Nos últimos planos de O Quinto Poder, o controverso mentor do projecto Wikileaks, Julian Assange, sob os traços do actor inglês Benedict Cumberbatch, faz a primeira crítica do filme em que acabou de ser a figura principal: um filme “anti-Wikileaks” cheio de erros, mentiras e propaganda. E diz a seguir que ninguém vai contar a verdade dos factos - caberá ao espectador deslindar o mistério. Nesse piscar de olho meta-ficcional que reflecte a posição do verdadeiro Assange face ao filme do americano Bill Condon (Dreamgirls) reside a chave de leitura de O Quinto Poder. É fita que quer ser tão escrupulosamente neutra e mostrar todos os lados da questão que acaba por diluir a potência da sua história central, ao mesmo tempo que procura enquadrar a ascensão do controverso site de informações dentro do esquema narrativo do filme político-liberal americano (pensar em clássicos como Os Homens do Presidente ou Os Três Dias do Condor, embora longe de estar na mesma categoria).

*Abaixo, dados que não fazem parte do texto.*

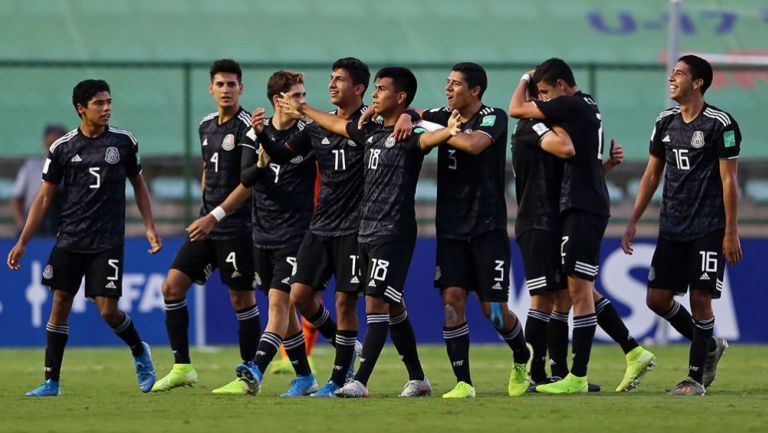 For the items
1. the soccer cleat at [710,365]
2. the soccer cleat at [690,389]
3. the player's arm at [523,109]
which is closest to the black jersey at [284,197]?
the player's arm at [523,109]

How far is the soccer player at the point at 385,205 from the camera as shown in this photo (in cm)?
986

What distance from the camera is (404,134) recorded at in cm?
980

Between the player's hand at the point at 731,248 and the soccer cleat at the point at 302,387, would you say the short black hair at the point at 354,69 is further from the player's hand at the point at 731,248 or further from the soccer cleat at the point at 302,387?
the player's hand at the point at 731,248

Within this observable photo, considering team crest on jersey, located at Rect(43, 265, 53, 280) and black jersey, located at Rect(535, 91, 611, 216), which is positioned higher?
black jersey, located at Rect(535, 91, 611, 216)

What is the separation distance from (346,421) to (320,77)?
14.6 m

O que interessa a Condon é, claramente, a relação entre Assange e Daniel Domscheit-Berg (Daniel Brühl, que já foi este ano um espantoso Niki Lauda no Rush de Ron Howard), o informático berlinense que foi seu parceiro durante os primeiros anos da aventura Wikileaks antes da ruptura, que ocorreu em finais de 2010, aquando da divulgação dos primeiros documentos diplomáticos americanos. E também o modo como ela reflecte a questão subjacente dos “media do cidadão” e a redefinição da prática e da ética jornalística nos dias que correm. É, aliás, por aí que se entende a melhor (a única) ideia visual do filme - a de imaginar o site Wikileaks como uma enorme e infinita sala de redacção virtual (e a referência aos Homens do Presidente, aqui, torna-se evidente).

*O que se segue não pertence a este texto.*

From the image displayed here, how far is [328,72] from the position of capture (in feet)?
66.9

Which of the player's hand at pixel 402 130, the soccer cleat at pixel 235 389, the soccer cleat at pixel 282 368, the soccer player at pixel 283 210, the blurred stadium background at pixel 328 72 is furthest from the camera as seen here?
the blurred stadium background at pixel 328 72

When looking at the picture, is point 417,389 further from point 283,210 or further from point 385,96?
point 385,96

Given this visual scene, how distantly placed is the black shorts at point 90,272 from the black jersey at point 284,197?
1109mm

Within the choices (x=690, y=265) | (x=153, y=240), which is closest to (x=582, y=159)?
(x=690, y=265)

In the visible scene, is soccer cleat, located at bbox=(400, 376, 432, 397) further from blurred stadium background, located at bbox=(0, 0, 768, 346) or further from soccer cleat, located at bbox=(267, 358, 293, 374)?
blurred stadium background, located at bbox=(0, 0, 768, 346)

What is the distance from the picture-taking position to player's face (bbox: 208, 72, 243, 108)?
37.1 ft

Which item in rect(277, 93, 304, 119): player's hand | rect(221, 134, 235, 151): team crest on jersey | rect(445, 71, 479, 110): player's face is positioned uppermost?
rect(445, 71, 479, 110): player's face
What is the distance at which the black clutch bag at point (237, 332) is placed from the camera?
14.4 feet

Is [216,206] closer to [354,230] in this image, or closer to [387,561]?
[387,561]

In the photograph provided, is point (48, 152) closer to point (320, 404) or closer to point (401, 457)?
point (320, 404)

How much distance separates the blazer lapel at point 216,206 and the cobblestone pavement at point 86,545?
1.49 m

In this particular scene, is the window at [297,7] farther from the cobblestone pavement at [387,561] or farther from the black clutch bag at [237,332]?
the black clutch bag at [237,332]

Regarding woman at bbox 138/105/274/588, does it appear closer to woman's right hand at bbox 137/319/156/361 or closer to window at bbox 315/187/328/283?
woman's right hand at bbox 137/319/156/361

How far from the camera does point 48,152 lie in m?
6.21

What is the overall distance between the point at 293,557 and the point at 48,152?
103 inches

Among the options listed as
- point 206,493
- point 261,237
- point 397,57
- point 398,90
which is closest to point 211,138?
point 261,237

Mas, ao observar a história da luta pela alma de um novo mundo mediático através de vários pontos de vista - da Wikileaks, dos “velhos media” que se procuram reinventar, da administração americana embaraçada, de um informador posto em risco pelas revelações -, O Quinto Poder acaba por sublinhá-lo a traço desnecessariamente grosso. O combate surdo entre Assange, manipulador charmoso, e Domscheit-Berg, entusiasta com consciência, chegaria por si só para desenhar o conflito entre o pragmatismo e o idealismo, entre a teoria revolucionária e as limitações da prática no mundo real. Esse traço grosso introduz uma dimensão moralista, quase pedagógica, no que, de outro modo, seria apenas um fascinante conto moral, e corre o risco de levar ao desentendimento de O Quinto Poder como um filme anti-Wikileaks. Não é: é só uma tentativa de contar uma história de hoje nos únicos modos narrativos que Hollywood conhece. Que pode falhar (e falha, apesar da produção impecável e do elenco certeiro), mas pelo menos tentou.